The action, which involves Southern, Merseyrail and Arriva Trains North, is part of an ongoing dispute over staffing levels and the role of conductors across the industry.
The strikes coincide with the Grand National at Aintree, the biggest horse race of the year that is attended by tens of thousands of people – many travelling by train.
Merseyrail is expecting drivers in the Aslef union to refuse to cross RMT picket lines, so a team of managers is being drafted in to provide a service between Liverpool city centre and Aintree before and after the race.
A train will run every seven-and-a-half minutes at key times, but fewer or no trains on other parts of the network.
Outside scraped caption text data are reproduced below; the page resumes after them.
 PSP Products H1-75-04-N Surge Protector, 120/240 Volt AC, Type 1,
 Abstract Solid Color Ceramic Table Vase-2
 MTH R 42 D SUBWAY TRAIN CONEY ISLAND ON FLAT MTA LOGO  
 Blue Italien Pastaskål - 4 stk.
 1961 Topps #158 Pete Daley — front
Jan Chaudhry-van der Velde, managing director Merseyrail, said: "Despite the RMT's best efforts to scupper this iconic event and create misery for the tens of thousands of people who look forward to it all year, we've developed a timetable aimed at getting as many people between central Liverpool and Aintree as we normally do on Grand National day."
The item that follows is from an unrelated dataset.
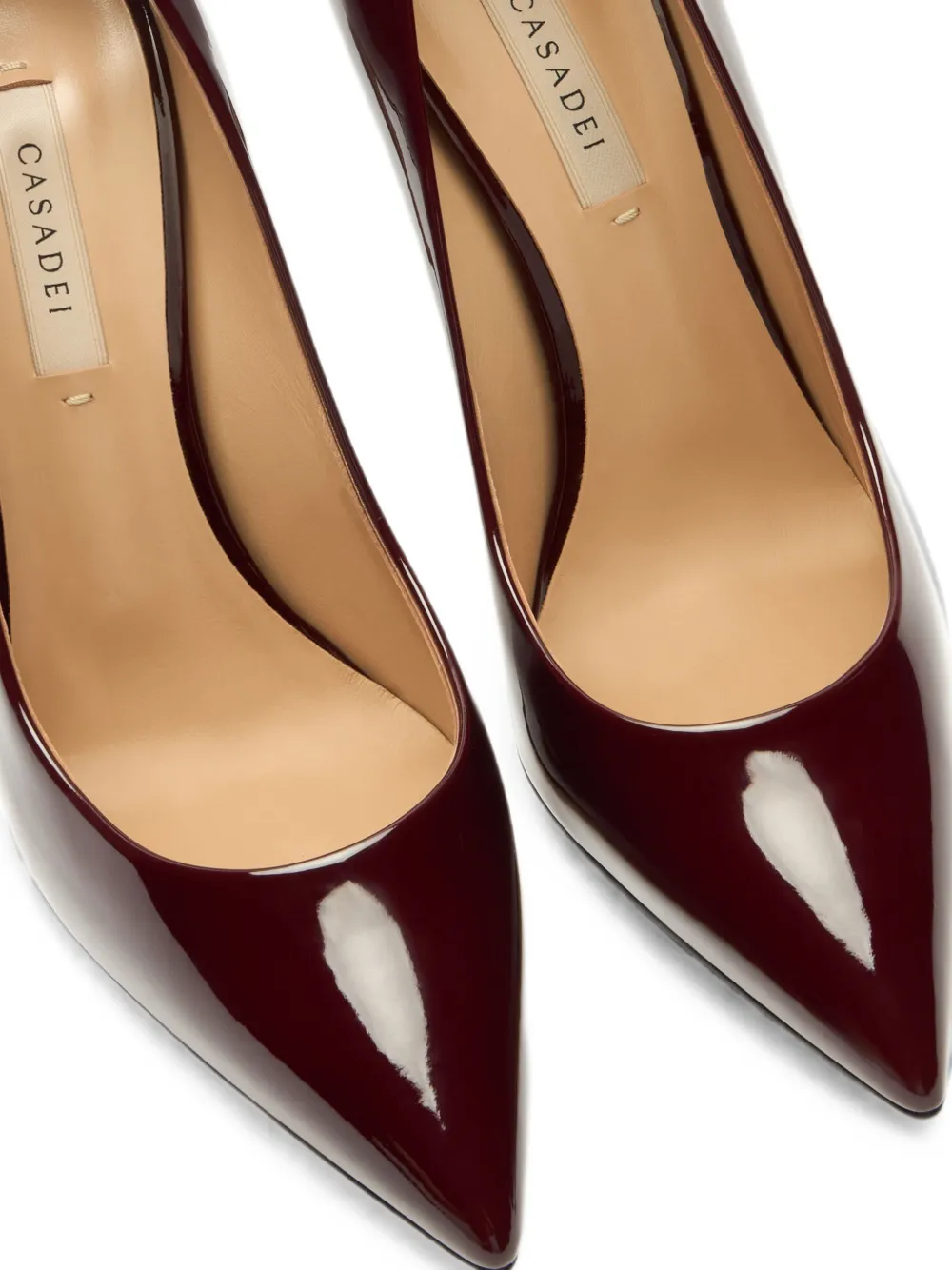 Casadei Julia patent leather pumps Rood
Arriva Trains north said its services will be "significantly" reduced, with the last trains leaving Liverpool Lime Street between 7.02pm and 8.16pm.
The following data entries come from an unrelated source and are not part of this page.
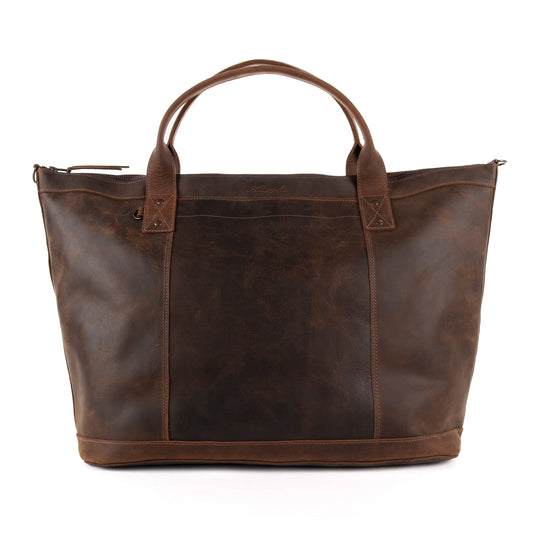 THE PERFECT WEEKENDER - FULL LEATHER - CHESTNUT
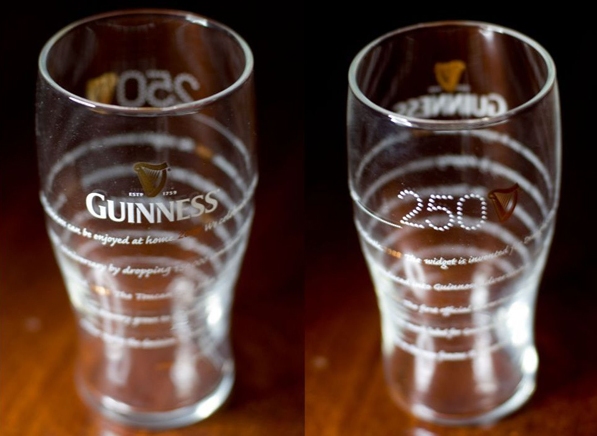 Guinness Half Pint Bierglas 0,3l Jubiläum 250 Remarkable Years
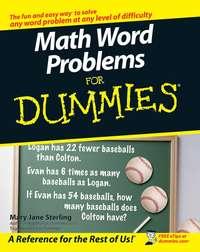 Math Word Problems For Dummies,  audiobook. ISDN28973485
The operator said it has added six trains to its Liverpool Lime Street service on Saturday evening to help racegoers travel home.
Workers at the three rail companies are said to be "solidly supporting" strikes amid the bitter rows, according to Mick Cash, general secretary of the RMT.
He said: "Support for all three strikes today is rock solid, with pickets out in force and morale high as our members on Southern, Northern and Merseyrail continue the fight for rail safety.
"It is down to all three companies to now get round the table with union negotiators and reach settlements based on the guarantee of a guard and a safe railway for all."
The Merseyrail and Arriva disputes are over new trains coming into service in 2020 which will be driver-only.
The Southern row is now a year old, with the RMT taking its 31st day of strike action on Saturday.
The union will parade an advertising billboard through Liverpool and Aintree explaining why the RMT is taking strike action to defend safety-critical guards.
The RMT is demanding an inquiry and a halt to the introduction of driver-only services because of safety implications.
Mr Cash said: "It is well established that once the guarantee of a guard is withdrawn then disabled passengers are disadvantaged because they can no longer be assured of being able to turn up and get on or off the train at unstaffed stations."
The Transport Salaried Staffs Association said in a message to its members at Merseyrail: "TSSA members are advised to carry out their normal duties and attend for work at their normal times of work and for their normal rostered shifts.
"Members should decline to change their rostered hours of duty except in circumstances where their contract of employment allows their employer to change them."
Southern is aiming to have a near-normal service during the strike, saying nine out of 10 trains ran during the last walkout in March.
The company announced it planned to run a normal train service on all but one of its routes.
Passenger services director Angie Doll said: "We're now running a near-normal service on RMT strike days, so fewer people are being affected by the RMT's action. We plan to provide almost our entire normal Saturday timetable."
No Southern services will operate between Clapham Junction and Milton Keynes Central via Kensington Olympia/Watford Junction.